Следовательно, здесь перед нами типичная картина контрдифференциации по общей ее схеме. Либеральные перевороты и реформы осуществляли конъюгационную тенденцию, но, разумеется, лишь в относительном смысле, в рамках той тектологической задачи, которая ставилась противоречиями тогдашнего сословного строя. Оттого для современного европейского мышления, уже не имеющего дела с той задачей, конъюгационный момент либерализма совершенно отступил на задний план и обычно просто не замечается или игнорируется [30].

8. Современные идеалы. Слово «идеал» имеет много значений. Наиболее важное из них есть то, которое относится к устройству жизни человека, группы, коллектива. Человек говорит: «мой идеал личной, семейной, общественной жизни такой-то». Это значит, что он стремится к такому-то мыслимому устройству своей личной, семейной, общественной жизни, считая его наиболее совершенной формой организации. Другими словами, идеал есть предварительное, выполняемое в стремлениях и мыслях разрешение жизненной тектологической задачи.

Для истории человечества существенны, разумеется, не идеалы отдельных личностей, а идеалы коллективов, которые намечаются в идеологиях коллективов и проводятся в их труде, в их борьбе. Эти идеалы представляют решения тектологических задач, поставленных жизнью общества, в их целом. Решения могут быть удачны или неудачны в смысле их осуществимости или неосуществимости, организационного прогресса или регресса. Здесь слово принадлежит тектологическому анализу, который должен и при достаточных данных может подвергнуть такие идеалы вполне объективной критике.

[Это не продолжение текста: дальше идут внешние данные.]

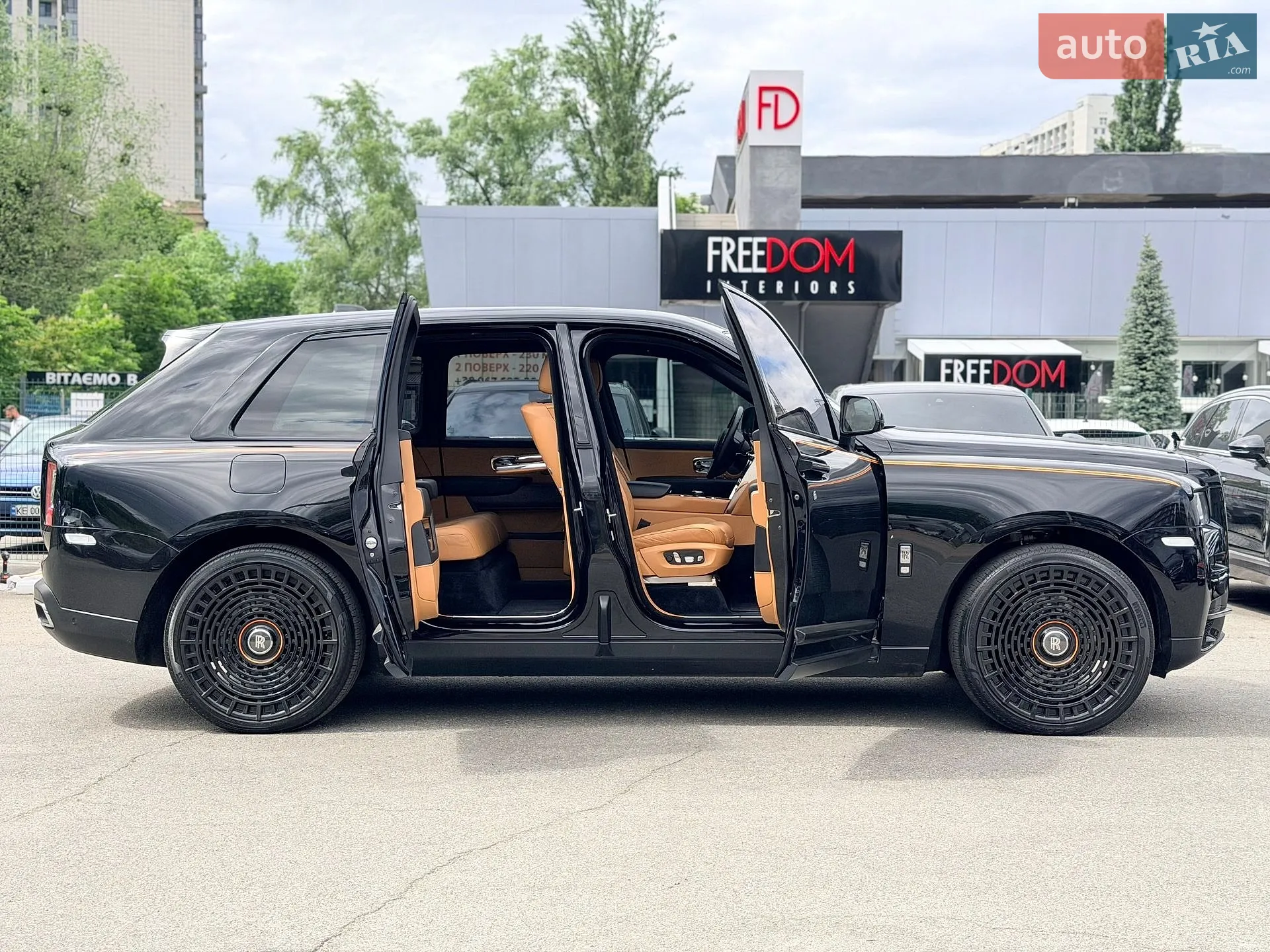 2019 Rolls-Royce Cullinan - мініатюра 19
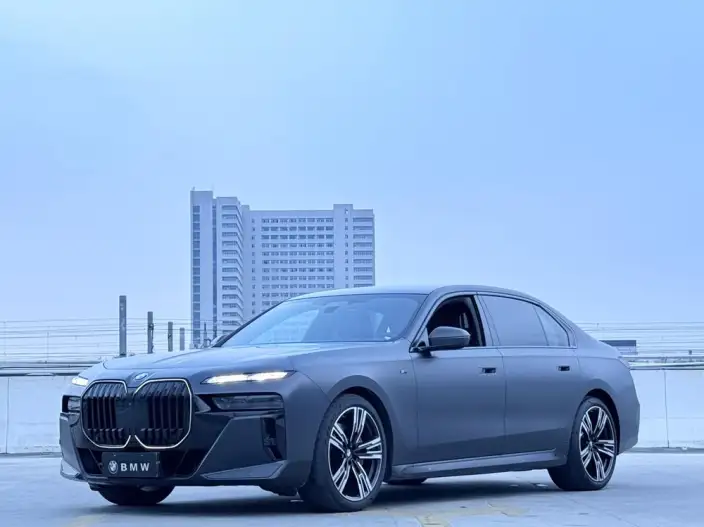 BMW 7 Series 2023 Model 740Li Exclusive Model M Sports Set – фото 1
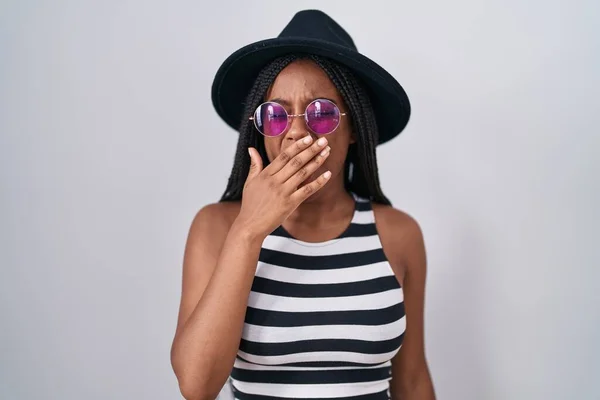 Молодой Африканский Американец Косичками Шляпе Солнечных Очках Скучает Зевая Усталый — стоковое фото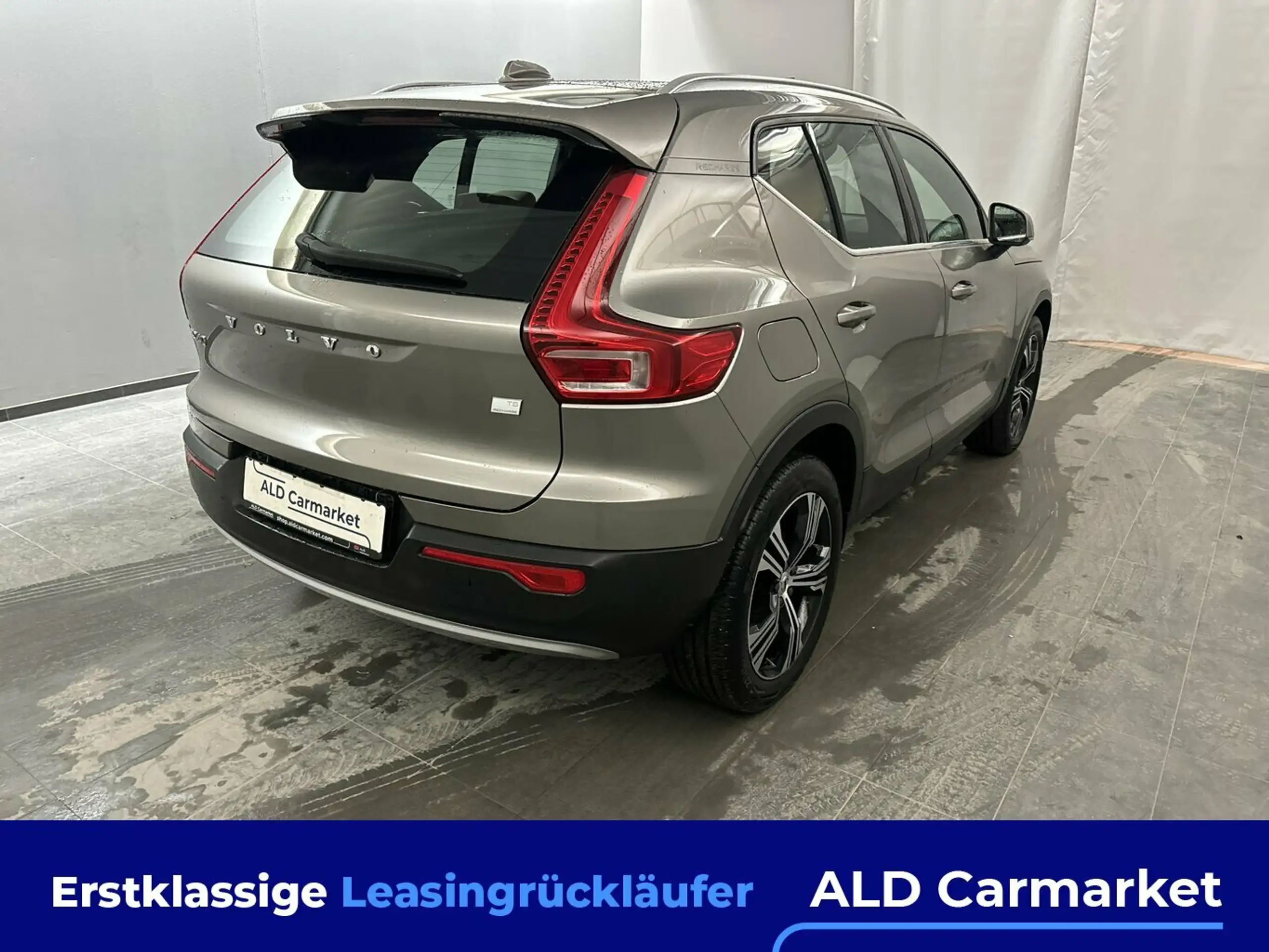 Volvo - XC40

Организационный характер идеалов удобно иллюстрировать на том же переходе от сословно-феодального строя жизни к современному, капиталистическому. В ряду веков феодальное общество, разделенное на сословия и закрепленное в своей структуре сложной религиозной идеологией, накопляло новые и новые расхождения между своей идеологической оболочкой и развивавшимся внутри ее твердых рамок социально-трудовым содержанием. Эти расхождения выросли в глубокие жизненные противоречия. Таким образом, перед обществом выступила жизненная тектологическая задача. Она была реально разрешена трудом и борьбой различных коллективов, сословных, групповых, классовых. Но при этом у каждого коллектива предварительно вырабатывалось свое особое решение задачи, свой «социальный идеал», к осуществлению которого коллектив и направлял свои усилия.